You send one number.
The client replies:
“That’s higher than we expected.”
When you quote a single price, the response is binary.
Yes.
Or no.
A range changes the frame.
The Psychology of Anchoring
Price anchoring is simple:
The first number a client sees influences how every other number feels.
If you present:
- $2,000
- $3,000
- $4,500
The middle number feels reasonable.
Not because it is objectively cheap.
But because the premium anchor exists.
This is sometimes called “Goldilocks Pricing.”
Not too low.
Not too high.
Just right.
Why a Rate Range Works Better Than a Floor
Your floor rate protects you.
But it is not a sales strategy.
If you only present your floor:
- You look rigid
- You invite negotiation downward
- You remove psychological comparison
A structured range:
- Creates contrast
- Signals flexibility
- Encourages upward selection
The client now chooses between tiers.
Not between you and zero.
Step 1: Calculate Your Defendable Range
Before presenting options, you need real math.
Use:
It outputs:
- Floor rate
- Target rate
- Premium rate
These are not arbitrary numbers.
They are defendable.
Step 2: Convert the Range into Proposal Tiers
Instead of saying:
“My rate is $125/hour.”
Say:
“I typically work within the following structure:”
- Essential Tier
- Standard Tier
- Premium Tier
Example:
If your rates are:
Floor: $100/hour Target: $125/hour Premium: $160/hour
You could structure:
Essential
Limited scope, fixed timeline, minimal revisions.
Standard
Full scope, standard turnaround, collaboration included.
Premium
Priority scheduling, expanded scope, faster delivery.

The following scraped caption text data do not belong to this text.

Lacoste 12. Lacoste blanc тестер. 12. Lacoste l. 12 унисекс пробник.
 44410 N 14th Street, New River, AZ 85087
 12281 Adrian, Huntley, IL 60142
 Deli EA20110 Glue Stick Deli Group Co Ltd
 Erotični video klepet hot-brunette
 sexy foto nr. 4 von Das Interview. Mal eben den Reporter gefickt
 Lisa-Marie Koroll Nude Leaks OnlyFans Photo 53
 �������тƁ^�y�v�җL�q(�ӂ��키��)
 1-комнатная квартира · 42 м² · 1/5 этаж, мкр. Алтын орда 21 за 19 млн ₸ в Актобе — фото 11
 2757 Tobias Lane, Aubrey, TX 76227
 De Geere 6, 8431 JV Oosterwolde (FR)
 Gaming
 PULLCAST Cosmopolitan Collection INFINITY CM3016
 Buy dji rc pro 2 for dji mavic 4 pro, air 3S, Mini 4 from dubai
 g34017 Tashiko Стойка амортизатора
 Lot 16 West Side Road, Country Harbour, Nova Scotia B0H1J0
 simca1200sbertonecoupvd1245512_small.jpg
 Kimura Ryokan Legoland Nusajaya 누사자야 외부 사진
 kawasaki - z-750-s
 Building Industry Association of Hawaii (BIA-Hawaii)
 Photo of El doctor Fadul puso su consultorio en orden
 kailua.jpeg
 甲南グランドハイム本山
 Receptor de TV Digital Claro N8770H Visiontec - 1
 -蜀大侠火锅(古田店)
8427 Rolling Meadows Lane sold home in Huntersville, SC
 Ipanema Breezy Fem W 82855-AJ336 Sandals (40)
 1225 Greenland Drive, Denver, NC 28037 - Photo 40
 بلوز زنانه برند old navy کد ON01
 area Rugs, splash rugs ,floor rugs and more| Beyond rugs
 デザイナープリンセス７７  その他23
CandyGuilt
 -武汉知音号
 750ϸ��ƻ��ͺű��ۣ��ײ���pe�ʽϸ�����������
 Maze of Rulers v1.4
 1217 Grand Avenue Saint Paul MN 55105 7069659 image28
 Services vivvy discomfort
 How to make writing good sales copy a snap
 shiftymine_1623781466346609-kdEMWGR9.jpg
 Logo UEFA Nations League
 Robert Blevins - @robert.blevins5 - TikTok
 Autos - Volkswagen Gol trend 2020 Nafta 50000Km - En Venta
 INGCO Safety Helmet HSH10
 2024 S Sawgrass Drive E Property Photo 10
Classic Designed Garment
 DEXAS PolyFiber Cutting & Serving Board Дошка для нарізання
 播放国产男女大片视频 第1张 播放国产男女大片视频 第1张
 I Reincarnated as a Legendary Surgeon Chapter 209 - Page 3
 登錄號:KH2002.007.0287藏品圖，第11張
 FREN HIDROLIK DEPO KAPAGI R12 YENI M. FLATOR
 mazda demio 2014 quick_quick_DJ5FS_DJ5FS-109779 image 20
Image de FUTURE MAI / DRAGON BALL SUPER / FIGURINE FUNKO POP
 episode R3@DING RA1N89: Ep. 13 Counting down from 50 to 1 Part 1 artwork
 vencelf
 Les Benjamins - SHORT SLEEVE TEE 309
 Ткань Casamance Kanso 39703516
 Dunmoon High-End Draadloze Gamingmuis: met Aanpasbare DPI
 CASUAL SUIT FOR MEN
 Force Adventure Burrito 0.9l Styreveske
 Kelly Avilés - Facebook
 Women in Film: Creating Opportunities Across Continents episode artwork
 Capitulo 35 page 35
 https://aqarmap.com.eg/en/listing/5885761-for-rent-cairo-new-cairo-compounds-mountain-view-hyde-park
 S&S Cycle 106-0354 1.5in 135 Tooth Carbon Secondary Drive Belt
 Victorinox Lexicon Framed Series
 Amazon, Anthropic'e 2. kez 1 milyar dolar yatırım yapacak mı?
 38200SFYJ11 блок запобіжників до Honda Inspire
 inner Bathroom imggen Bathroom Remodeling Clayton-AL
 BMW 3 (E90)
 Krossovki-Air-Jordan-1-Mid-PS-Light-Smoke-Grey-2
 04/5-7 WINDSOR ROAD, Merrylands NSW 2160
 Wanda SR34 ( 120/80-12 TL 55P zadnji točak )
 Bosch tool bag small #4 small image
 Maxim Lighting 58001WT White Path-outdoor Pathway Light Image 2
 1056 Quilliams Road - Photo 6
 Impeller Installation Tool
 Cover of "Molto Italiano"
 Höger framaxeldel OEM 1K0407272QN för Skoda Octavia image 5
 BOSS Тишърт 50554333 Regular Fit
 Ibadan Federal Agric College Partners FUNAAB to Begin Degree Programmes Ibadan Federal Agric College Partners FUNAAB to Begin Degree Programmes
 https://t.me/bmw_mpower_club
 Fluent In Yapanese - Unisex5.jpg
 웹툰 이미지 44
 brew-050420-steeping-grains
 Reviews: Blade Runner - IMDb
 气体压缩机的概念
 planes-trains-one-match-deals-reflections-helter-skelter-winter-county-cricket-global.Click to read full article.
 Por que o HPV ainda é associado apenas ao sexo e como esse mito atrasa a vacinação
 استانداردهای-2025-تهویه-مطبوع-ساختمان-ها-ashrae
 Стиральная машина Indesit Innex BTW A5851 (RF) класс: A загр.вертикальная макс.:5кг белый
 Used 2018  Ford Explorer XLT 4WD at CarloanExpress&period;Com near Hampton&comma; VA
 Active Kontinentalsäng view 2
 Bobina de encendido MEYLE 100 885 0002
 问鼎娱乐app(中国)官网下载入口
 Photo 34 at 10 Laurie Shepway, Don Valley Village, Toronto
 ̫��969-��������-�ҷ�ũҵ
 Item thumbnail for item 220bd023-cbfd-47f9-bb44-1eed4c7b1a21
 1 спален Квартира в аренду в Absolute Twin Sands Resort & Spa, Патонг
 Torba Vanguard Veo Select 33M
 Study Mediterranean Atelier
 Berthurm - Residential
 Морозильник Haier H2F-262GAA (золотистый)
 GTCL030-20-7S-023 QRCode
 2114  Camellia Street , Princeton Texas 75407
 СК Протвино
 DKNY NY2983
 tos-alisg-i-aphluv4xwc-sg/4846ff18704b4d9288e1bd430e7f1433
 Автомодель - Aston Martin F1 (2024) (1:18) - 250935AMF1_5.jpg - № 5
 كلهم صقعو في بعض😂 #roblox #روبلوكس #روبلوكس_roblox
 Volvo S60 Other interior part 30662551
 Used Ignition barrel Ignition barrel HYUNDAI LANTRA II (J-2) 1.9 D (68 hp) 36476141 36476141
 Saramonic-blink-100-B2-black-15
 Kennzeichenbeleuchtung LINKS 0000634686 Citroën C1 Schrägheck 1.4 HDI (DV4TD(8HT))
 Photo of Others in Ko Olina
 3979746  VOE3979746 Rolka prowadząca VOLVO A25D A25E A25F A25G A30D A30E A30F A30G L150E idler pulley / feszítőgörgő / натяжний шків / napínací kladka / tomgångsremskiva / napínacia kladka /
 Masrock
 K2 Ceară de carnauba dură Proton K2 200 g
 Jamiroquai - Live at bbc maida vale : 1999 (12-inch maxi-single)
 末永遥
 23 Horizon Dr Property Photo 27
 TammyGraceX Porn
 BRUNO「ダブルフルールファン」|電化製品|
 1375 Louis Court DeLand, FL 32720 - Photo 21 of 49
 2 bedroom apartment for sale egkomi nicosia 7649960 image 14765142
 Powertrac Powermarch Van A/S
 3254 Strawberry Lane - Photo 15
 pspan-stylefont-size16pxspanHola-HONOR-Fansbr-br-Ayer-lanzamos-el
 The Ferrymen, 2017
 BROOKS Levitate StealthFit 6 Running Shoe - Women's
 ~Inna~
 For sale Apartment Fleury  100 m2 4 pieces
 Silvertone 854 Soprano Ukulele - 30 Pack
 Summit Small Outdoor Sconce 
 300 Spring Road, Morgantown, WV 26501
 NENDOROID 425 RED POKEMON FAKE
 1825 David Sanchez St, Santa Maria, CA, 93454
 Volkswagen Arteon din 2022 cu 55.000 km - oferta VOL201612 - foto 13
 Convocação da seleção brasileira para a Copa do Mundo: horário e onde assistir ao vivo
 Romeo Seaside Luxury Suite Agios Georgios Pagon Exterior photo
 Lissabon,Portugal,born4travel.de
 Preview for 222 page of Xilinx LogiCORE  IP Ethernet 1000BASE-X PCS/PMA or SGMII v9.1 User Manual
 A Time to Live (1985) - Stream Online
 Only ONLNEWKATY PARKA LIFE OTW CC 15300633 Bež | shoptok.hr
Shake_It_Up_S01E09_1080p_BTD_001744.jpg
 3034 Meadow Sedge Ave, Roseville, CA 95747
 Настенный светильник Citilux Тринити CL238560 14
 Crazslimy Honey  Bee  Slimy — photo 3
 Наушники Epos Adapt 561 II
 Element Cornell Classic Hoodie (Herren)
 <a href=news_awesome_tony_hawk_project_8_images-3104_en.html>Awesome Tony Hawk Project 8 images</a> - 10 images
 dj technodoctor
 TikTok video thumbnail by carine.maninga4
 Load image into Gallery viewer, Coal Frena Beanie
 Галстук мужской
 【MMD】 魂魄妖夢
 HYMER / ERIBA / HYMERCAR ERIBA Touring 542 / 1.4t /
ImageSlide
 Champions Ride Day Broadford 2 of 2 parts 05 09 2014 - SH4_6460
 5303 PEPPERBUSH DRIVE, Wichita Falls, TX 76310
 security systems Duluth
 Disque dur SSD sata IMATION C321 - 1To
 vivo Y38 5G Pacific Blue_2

The pricing difference reflects value differences.
Not arbitrary markup.
Step 3: Make the Premium Anchor Work for You
The premium tier has a specific purpose:
It makes the target tier feel rational.
If your premium rate exists, your target rate looks like a balanced choice.
Without the anchor, your target becomes the anchor.
And it feels expensive.
The Good-Better-Best Model
This is a classic pricing structure:
- Good: clears your floor
- Better: your target rate
- Best: your premium rate
Most clients choose the middle.
Very few choose the lowest if value differences are clear.
Your job is not to push.
It is to structure choice.
How to Present a Range Without Confusion
Keep it clean:
- Clear tier names
- Clear scope differences
- Clear deliverables
- Clear turnaround times
Avoid:
- Overloading options
- Hiding pricing
- Apologizing for your numbers
Confidence is part of anchoring.
Example Script
Instead of:
“My rate is $120 per hour.”
Say:
“Based on scope, projects like this typically fall between $3,500 and $5,500 depending on depth and speed. Most clients choose the middle option at $4,500 for balanced delivery and collaboration.”
Now the client is selecting.
Not negotiating existence.
FAQs
Should I always present three options?
Three is common because it creates contrast without overwhelm. Two can work, but three strengthens anchoring.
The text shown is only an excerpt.